The false hope of 'clean coal'

September 13, 2009
Issue 

Carbon capture and storage (CCS), often touted as "clean coal", has been promoted by the coal industry and governments such as Australia and the US as a way to cut emissions from coal-fired energy generation, in order to avoid dangerous climate change.

Billions of dollars are being poured into developing CCS to make it commercially viable. But it's mostly taxpayers, not the coal companies, footing the bill.

The big coal industry is loath to put much money into CCS for a very good reason. It is not so stupid as to fall for its own propaganda.

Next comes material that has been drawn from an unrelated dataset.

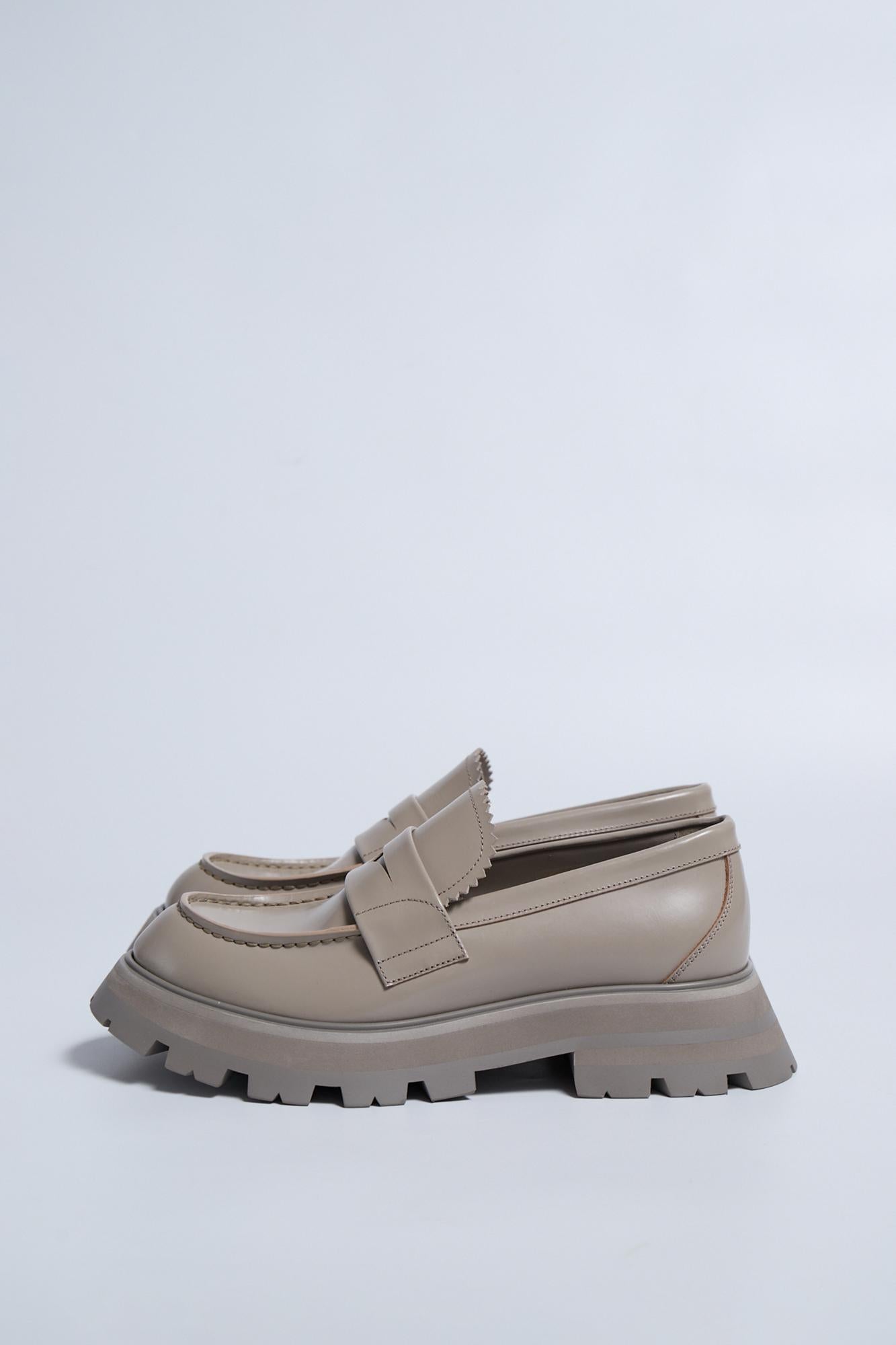 Alexander McQueen 38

But maintaining the "clean coal" fiction is an increasingly expensive job. In Australia, the Rudd government has given $2.4 billion for research into CCS — outstripping the $1.5 billion given to build new solar power plants.

In the US, the cap-and-trade climate bill currently before the Senate gives CCS a whopping US$60 billion from the Barack Obama government.

The problems for CCS backers include: CCS is unproven; appropriate storage sites are few; leaks from underground storage are probable; and it is prohibitively expensive.

It also wastes a huge amount of energy. In a 2008 report, Greenpeace estimated CCS plants would use 10% to 40% of a coal-fired power plant's total energy output just to keep running.

In 2007, Carl Bauer, the director of the national energy technology laboratory in the US energy department, told a government committee CCS could add "from 81% to 86% to the cost of electricity for a new pulverized coal plant".

According to some estimates, CCS would make power from coal more expensive than solar thermal and wind power. However, as the Sydney Morning Herald said on September 7, "it's not a reasonable comparison […] because solar thermal and wind power actually exist".

Of the handful of demonstration CCS plants built, the results are stupendously bad.
The largest pilot plant attached to an operational power station in Australia is at the Latrobe Valley's coal-fired Hazelwood power plant — the most polluting in the industrialised world.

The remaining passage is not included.